**WHAT YOU ARE ASKED TO DO**. Copy out each line of the entries where the word "Package" is present.

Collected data
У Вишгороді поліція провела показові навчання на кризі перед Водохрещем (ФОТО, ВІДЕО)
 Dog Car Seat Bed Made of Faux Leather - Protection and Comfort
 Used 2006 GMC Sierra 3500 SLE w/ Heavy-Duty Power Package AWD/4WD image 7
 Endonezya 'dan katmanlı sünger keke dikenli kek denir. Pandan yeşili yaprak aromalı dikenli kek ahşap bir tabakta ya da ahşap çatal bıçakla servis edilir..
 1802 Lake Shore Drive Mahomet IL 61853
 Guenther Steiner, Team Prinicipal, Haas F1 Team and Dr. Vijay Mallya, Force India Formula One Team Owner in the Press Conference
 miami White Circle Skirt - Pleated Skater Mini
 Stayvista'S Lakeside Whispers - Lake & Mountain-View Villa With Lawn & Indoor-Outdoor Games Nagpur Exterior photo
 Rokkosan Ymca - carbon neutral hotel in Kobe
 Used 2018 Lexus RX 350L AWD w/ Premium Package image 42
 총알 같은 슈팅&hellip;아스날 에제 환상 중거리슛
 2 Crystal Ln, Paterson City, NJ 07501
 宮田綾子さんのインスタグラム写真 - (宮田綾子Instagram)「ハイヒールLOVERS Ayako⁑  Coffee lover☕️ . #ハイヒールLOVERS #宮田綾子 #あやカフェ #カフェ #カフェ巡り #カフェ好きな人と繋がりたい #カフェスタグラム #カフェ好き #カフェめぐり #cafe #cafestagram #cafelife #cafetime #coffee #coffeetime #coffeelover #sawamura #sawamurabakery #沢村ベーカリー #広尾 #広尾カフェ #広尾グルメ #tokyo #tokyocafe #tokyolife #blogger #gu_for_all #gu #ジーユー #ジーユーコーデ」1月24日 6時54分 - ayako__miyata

**WRITTEN SOLUTION**.
 Used 2006 GMC Sierra 3500 SLE w/ Heavy-Duty Power Package AWD/4WD image 7
 Used 2018 Lexus RX 350L AWD w/ Premium Package image 42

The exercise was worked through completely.